Author: Ray Glier


Photo of Bartley Miller and radiologist Keller Carlock
Miller, who used to protect quarterbacks from harm, now works with physicians like radiologist Keller Carlock (seated) to insure them against malpractice.

Bartley Miller took a call from a physician at 11:30 one night and stayed on the phone for 45 minutes. The doctor, who was one of Miller’s clients, had made a mistake in surgery and Miller was no longer just an insurance broker but also a counselor.

“Doctors are human…they make mistakes,” says Miller. “That statistic about every doc being sued at least once in their career for malpractice? It’s true…100 percent true.”

Miller (BBA ‘06) shielded quarterbacks from harm as an offensive lineman at Georgia, but has now turned his attention to protecting the medical community. If a malpractice suit has merit, claims should be approached honestly, says Miller. But, in his opinion, the majority of malpractice cases should not be filed and there has to be a firewall — and he is that firewall.

Miller works for Marietta-based Sterling Risk Advisors, and he insures 85 doctors in Athens alone — roughly 25 percent of the private practice physicians in town. He is a principal in a company that also employs his father, J. Bart Miller, and a brother, Matt. Miller has been in the business just five years, and his hair still has a dark sheen compared to the middle-aged gray of many of his clients. But there is no generation gap when it comes to trust.

Can you call your insurance agent at 11:30 p.m.?

Miller’s father, a former executive at Northside Hospital, laid some track for his son in the risk management industry. But Miller’s book of business has swelled in direct proportion to his own diligence. He applies some of the same bromides that offensive staglinemen consider gospel — “nobody is going to outwork me” — and he can back it up.

“You’ve got to be a great sales guy, but you also have to be a great educator,” says Miller. “You have to educate physicians on what they’re buying. They don’t have time to evaluate all this stuff on their own, so you have to educate them to understand where value is. The biggest hurdle I have to overcome is trust. They have to feel I will do anything in my power to help them — that’s at the core.“

Sterling Risk Advisors does the majority of its recruiting from Terry’s highly regarded risk management and insurance program, and Miller serves as a mentor to Terry students. The message he typically delivers in his on-campus speaking appearances echoes the hard work that he displayed in the trenches for the Bulldogs — namely that hard work and perseverance are extremely important in the world of insurance.

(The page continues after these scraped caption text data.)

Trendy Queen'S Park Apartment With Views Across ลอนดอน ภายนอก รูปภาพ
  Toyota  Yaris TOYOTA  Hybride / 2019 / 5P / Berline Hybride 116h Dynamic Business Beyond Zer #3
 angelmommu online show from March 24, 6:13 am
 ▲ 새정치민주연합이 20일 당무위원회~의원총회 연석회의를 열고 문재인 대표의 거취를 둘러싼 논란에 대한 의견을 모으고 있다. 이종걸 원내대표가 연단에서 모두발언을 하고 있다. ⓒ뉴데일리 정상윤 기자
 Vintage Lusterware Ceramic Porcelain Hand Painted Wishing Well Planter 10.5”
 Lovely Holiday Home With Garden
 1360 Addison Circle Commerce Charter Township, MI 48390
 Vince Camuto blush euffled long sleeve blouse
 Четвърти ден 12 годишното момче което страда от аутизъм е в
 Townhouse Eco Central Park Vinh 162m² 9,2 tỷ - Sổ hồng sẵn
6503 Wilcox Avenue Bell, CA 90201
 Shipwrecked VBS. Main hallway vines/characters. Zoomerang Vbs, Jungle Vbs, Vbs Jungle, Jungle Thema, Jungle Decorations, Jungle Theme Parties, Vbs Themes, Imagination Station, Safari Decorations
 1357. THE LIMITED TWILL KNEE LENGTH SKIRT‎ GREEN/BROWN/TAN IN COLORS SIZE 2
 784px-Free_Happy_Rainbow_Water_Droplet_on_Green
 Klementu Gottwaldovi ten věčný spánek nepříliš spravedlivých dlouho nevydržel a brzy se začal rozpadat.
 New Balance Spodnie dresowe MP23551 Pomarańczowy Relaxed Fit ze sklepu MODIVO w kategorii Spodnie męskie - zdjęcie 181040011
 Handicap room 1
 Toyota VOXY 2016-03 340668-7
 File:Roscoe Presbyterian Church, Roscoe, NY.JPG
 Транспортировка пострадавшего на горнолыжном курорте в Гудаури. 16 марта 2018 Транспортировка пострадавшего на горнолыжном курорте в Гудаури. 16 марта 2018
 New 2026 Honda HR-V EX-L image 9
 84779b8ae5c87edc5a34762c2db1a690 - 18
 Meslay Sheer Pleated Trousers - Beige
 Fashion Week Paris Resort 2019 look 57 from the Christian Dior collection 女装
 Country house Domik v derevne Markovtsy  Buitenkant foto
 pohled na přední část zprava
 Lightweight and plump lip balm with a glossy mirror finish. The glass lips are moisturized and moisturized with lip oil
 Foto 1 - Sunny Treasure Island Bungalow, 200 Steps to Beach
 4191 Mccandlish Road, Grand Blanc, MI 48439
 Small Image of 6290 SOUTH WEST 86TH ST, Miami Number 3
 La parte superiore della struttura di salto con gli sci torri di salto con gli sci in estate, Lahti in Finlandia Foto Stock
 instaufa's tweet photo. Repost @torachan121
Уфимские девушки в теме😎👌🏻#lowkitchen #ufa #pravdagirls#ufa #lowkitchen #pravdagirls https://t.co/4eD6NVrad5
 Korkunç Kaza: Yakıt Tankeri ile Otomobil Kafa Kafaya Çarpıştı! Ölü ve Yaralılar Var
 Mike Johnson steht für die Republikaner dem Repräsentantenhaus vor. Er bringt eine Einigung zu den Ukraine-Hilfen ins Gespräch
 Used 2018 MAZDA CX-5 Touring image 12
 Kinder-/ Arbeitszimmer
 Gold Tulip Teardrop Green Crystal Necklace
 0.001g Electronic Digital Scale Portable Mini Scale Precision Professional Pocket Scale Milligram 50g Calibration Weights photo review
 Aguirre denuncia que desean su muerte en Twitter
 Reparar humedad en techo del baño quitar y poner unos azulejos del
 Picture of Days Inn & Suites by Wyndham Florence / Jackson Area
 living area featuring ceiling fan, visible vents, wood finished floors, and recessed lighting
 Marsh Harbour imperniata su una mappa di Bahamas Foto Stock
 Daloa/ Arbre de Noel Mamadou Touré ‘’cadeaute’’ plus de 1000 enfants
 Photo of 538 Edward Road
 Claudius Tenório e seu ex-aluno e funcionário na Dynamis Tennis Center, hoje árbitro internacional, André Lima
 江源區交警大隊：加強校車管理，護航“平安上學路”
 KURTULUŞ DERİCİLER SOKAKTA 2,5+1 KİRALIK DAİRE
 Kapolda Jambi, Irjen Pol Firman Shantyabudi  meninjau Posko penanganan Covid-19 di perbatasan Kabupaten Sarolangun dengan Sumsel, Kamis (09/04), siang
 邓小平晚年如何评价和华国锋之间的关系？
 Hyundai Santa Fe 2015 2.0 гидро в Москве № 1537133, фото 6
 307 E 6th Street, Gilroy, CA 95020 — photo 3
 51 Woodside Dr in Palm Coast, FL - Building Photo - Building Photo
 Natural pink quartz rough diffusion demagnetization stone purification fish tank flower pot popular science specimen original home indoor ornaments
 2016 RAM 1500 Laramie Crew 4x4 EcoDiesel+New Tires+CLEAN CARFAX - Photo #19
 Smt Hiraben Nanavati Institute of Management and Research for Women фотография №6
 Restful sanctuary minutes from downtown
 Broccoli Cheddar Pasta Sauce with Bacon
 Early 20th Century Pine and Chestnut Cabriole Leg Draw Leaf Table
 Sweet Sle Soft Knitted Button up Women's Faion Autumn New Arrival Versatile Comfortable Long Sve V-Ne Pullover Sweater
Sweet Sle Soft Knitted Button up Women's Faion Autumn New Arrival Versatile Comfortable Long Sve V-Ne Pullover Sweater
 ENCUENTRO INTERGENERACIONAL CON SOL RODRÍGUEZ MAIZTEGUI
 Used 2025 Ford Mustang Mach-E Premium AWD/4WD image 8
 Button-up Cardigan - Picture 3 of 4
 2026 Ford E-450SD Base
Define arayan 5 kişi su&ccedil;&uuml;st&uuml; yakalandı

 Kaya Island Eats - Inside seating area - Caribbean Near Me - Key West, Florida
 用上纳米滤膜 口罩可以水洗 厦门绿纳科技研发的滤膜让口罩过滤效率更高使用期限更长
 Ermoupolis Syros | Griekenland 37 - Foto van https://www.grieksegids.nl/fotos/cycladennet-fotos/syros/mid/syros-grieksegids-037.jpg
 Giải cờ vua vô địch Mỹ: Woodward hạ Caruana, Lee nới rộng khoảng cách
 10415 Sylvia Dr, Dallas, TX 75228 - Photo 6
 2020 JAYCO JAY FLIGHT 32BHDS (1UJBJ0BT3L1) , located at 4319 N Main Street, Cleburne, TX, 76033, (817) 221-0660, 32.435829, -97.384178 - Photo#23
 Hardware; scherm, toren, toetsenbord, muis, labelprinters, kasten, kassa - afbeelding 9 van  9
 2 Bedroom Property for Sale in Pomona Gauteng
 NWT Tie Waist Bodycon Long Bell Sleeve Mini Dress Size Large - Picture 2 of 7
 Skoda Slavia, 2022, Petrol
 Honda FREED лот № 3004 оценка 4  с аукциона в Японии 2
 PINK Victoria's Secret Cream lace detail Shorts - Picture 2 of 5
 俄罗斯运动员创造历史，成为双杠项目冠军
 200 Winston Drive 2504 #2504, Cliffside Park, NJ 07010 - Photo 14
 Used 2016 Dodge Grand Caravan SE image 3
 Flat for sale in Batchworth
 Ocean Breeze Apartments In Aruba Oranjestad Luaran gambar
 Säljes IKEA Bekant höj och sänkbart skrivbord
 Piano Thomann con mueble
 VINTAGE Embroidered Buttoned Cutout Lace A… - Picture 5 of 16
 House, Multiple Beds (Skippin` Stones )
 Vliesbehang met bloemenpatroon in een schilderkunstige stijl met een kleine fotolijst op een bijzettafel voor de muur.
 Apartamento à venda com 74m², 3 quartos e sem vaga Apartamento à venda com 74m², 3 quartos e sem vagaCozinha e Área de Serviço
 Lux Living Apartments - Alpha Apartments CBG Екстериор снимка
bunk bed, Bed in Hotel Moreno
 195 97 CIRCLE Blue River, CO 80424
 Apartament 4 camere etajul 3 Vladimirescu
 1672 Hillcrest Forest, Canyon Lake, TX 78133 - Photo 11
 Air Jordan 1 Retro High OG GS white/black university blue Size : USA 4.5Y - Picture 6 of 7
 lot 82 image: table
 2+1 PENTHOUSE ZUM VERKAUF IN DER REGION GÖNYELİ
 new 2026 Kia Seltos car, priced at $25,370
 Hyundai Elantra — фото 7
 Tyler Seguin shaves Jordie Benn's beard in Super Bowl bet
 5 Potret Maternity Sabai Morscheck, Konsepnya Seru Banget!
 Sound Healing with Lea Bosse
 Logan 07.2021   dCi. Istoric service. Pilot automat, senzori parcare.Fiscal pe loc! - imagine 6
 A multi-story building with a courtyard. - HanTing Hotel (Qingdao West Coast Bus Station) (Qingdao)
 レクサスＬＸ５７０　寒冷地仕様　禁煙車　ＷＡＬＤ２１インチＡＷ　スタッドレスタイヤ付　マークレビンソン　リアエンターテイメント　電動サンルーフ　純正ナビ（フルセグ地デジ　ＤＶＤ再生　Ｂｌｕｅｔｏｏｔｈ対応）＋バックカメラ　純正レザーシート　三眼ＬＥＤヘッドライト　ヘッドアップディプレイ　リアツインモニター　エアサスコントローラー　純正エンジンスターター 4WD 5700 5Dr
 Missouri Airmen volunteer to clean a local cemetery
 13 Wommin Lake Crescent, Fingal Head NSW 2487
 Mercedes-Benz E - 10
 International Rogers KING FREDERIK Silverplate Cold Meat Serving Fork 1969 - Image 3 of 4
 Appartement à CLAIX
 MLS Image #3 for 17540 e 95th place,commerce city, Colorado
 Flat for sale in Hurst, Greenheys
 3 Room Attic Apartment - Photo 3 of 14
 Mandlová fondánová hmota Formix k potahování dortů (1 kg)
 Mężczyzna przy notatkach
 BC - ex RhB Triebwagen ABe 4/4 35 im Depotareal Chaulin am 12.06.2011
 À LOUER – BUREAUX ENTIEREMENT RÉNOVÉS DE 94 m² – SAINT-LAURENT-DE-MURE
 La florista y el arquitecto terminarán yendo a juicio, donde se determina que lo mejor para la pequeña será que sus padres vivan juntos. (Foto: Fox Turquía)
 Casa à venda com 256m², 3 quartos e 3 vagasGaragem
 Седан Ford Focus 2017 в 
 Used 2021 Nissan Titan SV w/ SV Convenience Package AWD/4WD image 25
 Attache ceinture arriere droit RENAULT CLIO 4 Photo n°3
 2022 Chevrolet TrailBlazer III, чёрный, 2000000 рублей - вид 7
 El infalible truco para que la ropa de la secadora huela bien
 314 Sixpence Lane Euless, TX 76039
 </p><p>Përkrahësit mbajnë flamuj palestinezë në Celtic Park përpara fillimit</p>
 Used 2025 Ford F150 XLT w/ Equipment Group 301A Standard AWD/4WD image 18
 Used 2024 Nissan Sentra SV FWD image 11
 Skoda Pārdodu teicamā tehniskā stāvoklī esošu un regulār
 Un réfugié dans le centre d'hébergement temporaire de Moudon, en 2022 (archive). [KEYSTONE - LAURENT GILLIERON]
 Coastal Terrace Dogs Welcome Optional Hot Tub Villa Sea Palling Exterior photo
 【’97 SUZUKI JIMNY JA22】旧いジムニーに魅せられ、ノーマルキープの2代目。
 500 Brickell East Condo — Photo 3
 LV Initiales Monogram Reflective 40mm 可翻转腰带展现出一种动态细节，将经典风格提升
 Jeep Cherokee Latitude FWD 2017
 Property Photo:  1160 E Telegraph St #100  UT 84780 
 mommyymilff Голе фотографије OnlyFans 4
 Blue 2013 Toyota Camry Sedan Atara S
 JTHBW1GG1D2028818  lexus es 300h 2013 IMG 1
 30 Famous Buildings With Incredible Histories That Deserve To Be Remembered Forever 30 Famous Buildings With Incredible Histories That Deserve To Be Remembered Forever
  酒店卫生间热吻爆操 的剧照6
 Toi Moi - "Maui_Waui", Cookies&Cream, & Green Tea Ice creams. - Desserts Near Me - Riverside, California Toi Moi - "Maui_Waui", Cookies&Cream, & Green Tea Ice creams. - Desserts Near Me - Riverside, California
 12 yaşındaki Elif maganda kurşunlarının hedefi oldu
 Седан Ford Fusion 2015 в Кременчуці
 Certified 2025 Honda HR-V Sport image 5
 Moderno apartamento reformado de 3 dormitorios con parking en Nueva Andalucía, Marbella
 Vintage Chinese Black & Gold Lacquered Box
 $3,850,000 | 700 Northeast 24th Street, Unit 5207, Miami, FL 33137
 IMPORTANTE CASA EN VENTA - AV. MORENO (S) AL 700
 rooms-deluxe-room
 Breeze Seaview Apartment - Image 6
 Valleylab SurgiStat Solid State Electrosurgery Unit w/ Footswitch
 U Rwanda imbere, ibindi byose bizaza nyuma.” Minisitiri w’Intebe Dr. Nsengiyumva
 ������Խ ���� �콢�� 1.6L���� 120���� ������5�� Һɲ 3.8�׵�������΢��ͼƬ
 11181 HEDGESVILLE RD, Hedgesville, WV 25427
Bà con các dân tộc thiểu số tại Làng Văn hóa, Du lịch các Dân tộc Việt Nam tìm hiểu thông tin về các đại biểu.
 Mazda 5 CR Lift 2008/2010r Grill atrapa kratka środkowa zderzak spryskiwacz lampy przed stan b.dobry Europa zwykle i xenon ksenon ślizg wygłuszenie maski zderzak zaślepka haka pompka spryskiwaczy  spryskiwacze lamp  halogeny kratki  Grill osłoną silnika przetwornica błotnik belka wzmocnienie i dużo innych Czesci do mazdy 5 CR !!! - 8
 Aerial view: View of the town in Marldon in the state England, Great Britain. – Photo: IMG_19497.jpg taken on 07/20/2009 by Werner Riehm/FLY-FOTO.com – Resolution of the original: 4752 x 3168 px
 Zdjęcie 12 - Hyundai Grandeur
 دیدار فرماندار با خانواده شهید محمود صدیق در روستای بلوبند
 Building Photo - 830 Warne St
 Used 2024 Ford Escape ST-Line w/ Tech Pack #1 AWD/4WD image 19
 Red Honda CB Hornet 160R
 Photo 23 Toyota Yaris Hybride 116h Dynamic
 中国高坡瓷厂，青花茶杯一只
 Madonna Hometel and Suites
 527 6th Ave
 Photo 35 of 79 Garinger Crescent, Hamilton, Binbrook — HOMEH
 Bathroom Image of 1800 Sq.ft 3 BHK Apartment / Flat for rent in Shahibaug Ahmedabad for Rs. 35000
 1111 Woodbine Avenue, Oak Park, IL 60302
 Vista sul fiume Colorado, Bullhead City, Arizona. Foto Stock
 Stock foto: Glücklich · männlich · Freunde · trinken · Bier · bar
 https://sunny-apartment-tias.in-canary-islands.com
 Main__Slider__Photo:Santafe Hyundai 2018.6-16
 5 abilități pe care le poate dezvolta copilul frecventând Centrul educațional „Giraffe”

Football still has a place in Miller’s life. He is a community coach for the Marist High School football program, teaching offensive line skills to ninth graders. He would like to do more for the program, but he knows there are people who need him more.

“The coolest thing about my job is that I am working with people who are saving lives every single day,” says Miller. “And yet, they don’t have many allies out there. It’s a group of people who appreciate having somebody stand next to them.”